Day 993
Nvidia GPU/eGPU drivers blues
I already thought I had set up nvidia-smi and friends (Day 850 | Diensttagebuch (Work journal)), then didn’t use it for months, now when I tried it didn’t work anymore, nvidia-smi
said “No devices found”
boltctl
showed the device as connected and authorized, prime-select
said nvidia
was selected, modprobe
showed that the correct drivers were used and dkms status
had said the correct drivers were installed.
(11:53:23/10181)~/$ dkms status
nvidia, 460.73.01, 5.4.0-73-generic, x86_64: installed
nvidia, 460.73.01, 5.4.0-74-generic, x86_64: installed
(11:53:49/10182)~/$ boltctl
[snip]
● Lenovo ThinkPad Thunderbolt 3 Dock #2
├─ type: peripheral
├─ name: ThinkPad Thunderbolt 3 Dock
├─ vendor: Lenovo
├─ uuid: xxx
├─ status: authorized
│ ├─ domain: domain0
│ └─ authflags: none
├─ authorized: Mo 20 Sep 2021 09:41:16 UTC
├─ connected: Mo 20 Sep 2021 09:41:16 UTC
└─ stored: no
● GIGABYTE GV-N1070IXEB-8GD
├─ type: peripheral
├─ name: GV-N1070IXEB-8GD
├─ vendor: GIGABYTE
├─ uuid: xxx
├─ status: authorized
│ ├─ domain: domain0
│ └─ authflags: none
├─ authorized: Mo 20 Sep 2021 09:42:35 UTC
├─ connected: Mo 20 Sep 2021 09:42:35 UTC
└─ stored: Mo 20 Sep 2021 09:31:09 UTC
├─ policy: manual
└─ key: no
(11:54:54/10188)~/$ lsmod
Module Size Used by
nvidia_uvm 1015808 0
nvidia_drm 57344 1
nvidia_modeset 1228800 1 nvidia_drm
nvidia 34123776 17 nvidia_uvm,nvidia_modeset
(11:55:54/10192)~/$ sudo prime-select query
nvidia
What didn’t work:
- prime-select cycling to default and then back to nvidia and rebooting
- power-cycling the CPU
- Connecting it directly, not through the dock, exact same setup I had in when it was working (link above)
What worked:
- Honestly no idea
- logging into gnome, opening the driver config window, logging back into i3, rebooting?…

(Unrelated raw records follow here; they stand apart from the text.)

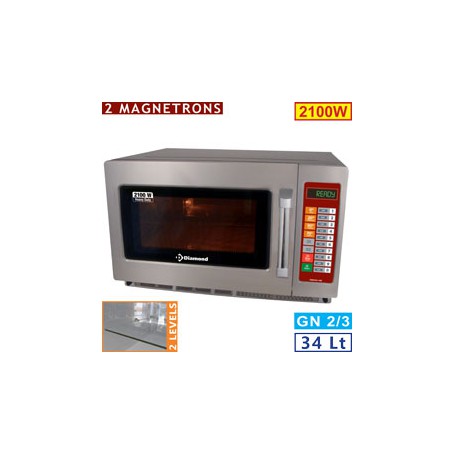 Four micro-ondes 34L inox 2100W - digital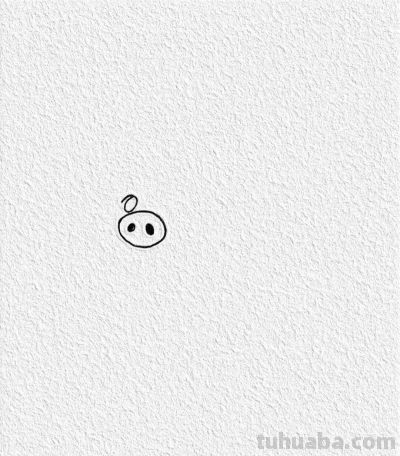 简笔画，可爱小猪有点难过 - 图画吧TUHUABA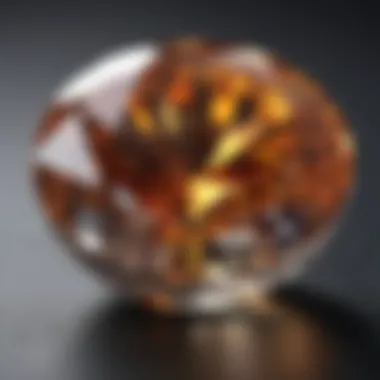 The grading scale for diamond quality assessment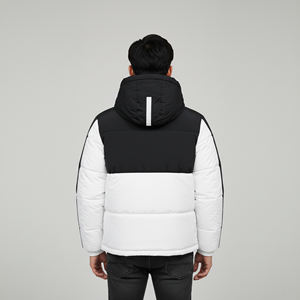 Custom Logo Front <b>Lightweight</b> Bomber <b>Jacket</b> <b>Men</b> High Quality Cotton Filled Hooded Wool Lined Stand Collar <b>Waterproof</b> <b>Jacket</b> - Product Image 2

Offtopic, when I was googling these issues I found my own serhii.net link above on the first page of Google for the key ’“nvidia-smi “no devices were found” authorized’, which is both nice and sad at the same time :)
EDIT: the next morning it didn’t work again. None of the same magic steps in all possible orders. I think it might be an issue with the eGPU or dock or something of that level. The best way to check this would be to do the nuclear option, uninstall all drivers, and install from the beginning, but I think my monthly quota of GPU stuff is full five times over now.
Diensttagebuch / Meta
We’re on day 993 (!) of Diensttagebuch! Freaking awesome.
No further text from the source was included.